Kellogg's Soup Tank Proves Every Bad Idea is Just One Confident Pitch Away from Seed Funding
- Cathy Campo
- 2 days ago
- 5 min read
By: Gautam Chebrolu, VP of Digital & Photography, and Isabelle Hofgaertner, VP of Marketing

“You hear a lot about the creativity of Kellogg students, I now know it is nonexistent.”
Carter Cast, professor of the popular Launching and Scaling Startups class and local Kellogg celebrity, exclaimed after sitting through five passionate founders. At some point, startup culture became so self-serious, so saturated with buzzwords, and so structurally incapable of distinguishing vision from nonsense that parody barely needs exaggeration.

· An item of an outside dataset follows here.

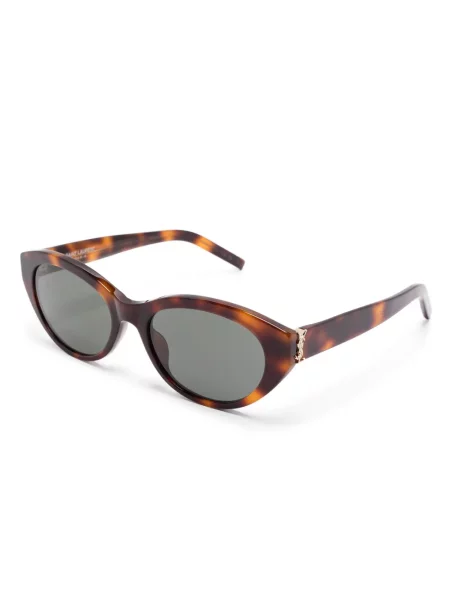 Ochelari de soare Saint Laurent Eyewear maro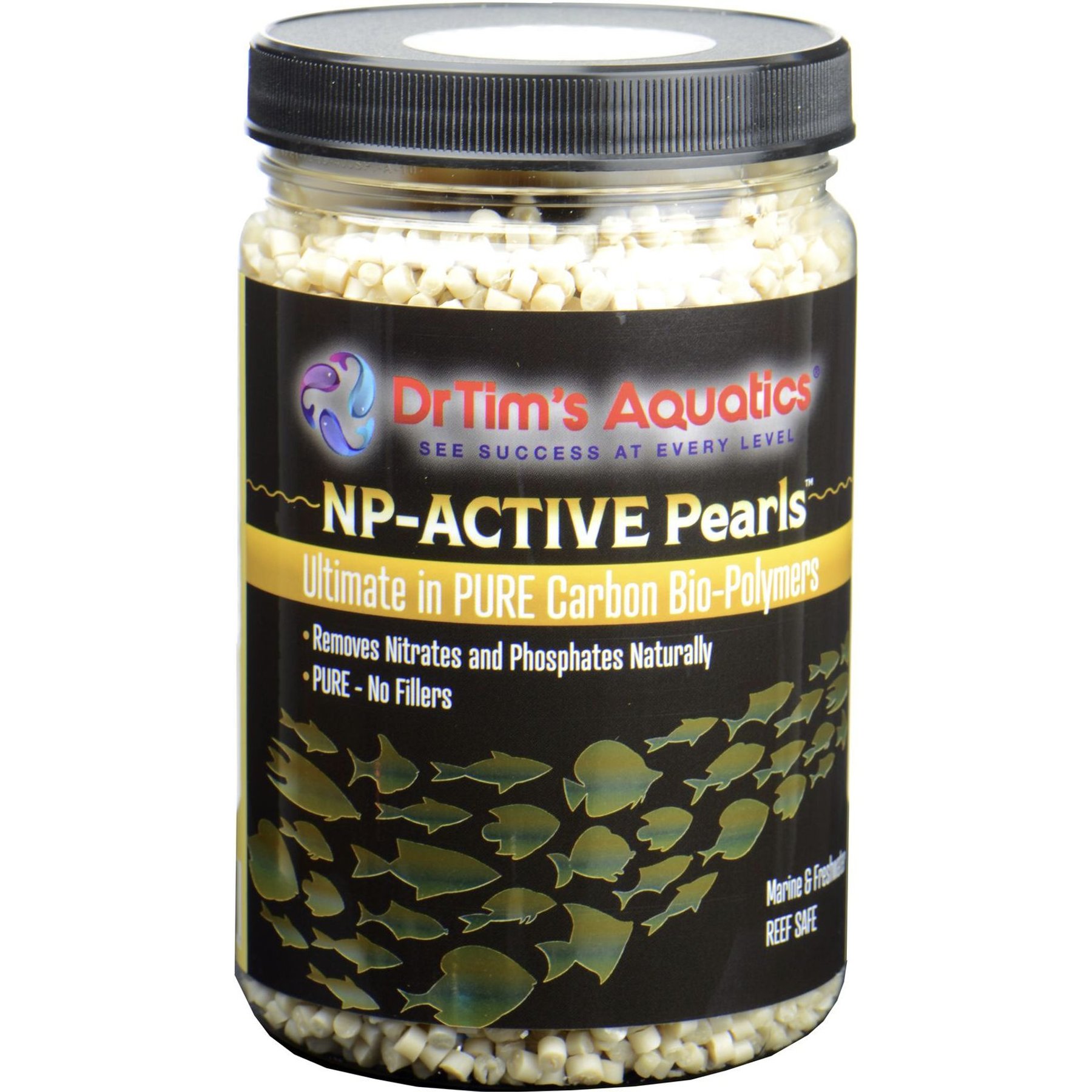 Dr. Tim's Aquatics NP-Active Pearls for Nutrient Control, 450-ml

That may explain why last month’s Soup Tank, a fake Shark Tank-style event staged by Kellogg’s Comedy Club, felt less like a spoof and more like a particularly strong demo day. The premise was simple: founders pitched joke companies to a panel of judges, who then pressed them with investor-style questions about market expansion, product risk, and business viability. The panel included Professor Carter Cast, along with students Dan Fox 1Y ‘26, Alex Fowkes 2Y ‘26, and Olivia Maggos JD/MBA ‘27, all donning suits (or a judge costume).

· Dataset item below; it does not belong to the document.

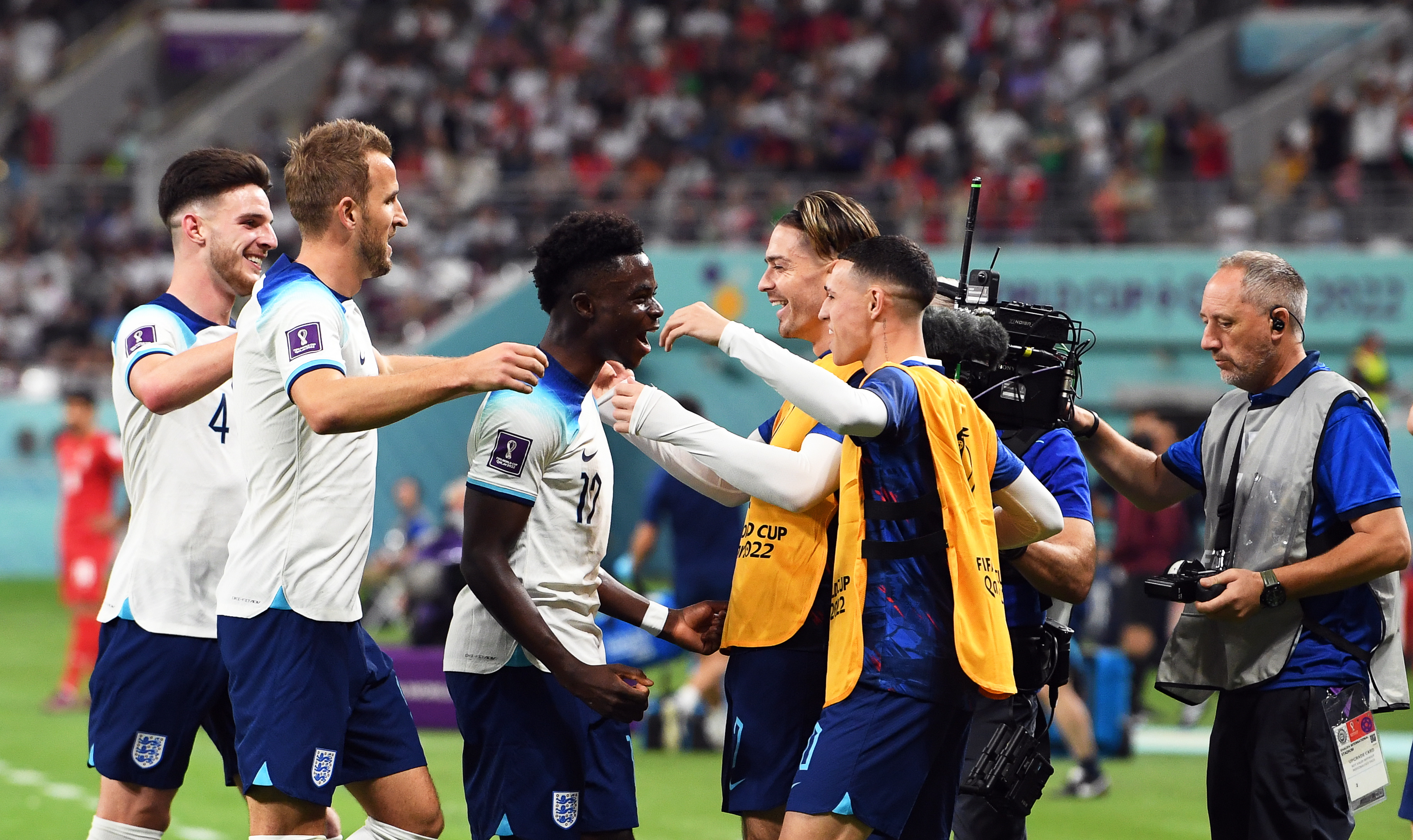 Video: reviva los goles de Inglaterra contra Irán en Catar 2022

The first pitch, Stanley XL, came from Alex Dodenhoff 2Y ‘27 and attacked your favorite popular girl’s most urgent pain point: having to refill their water bottle. The solution was simple: make the Stanley cup as large as possible. Backed up with impressive financial projections (like all other ventures being presented, they were prerevenue), they had the audience thinking, “Wait, he actually has a point.”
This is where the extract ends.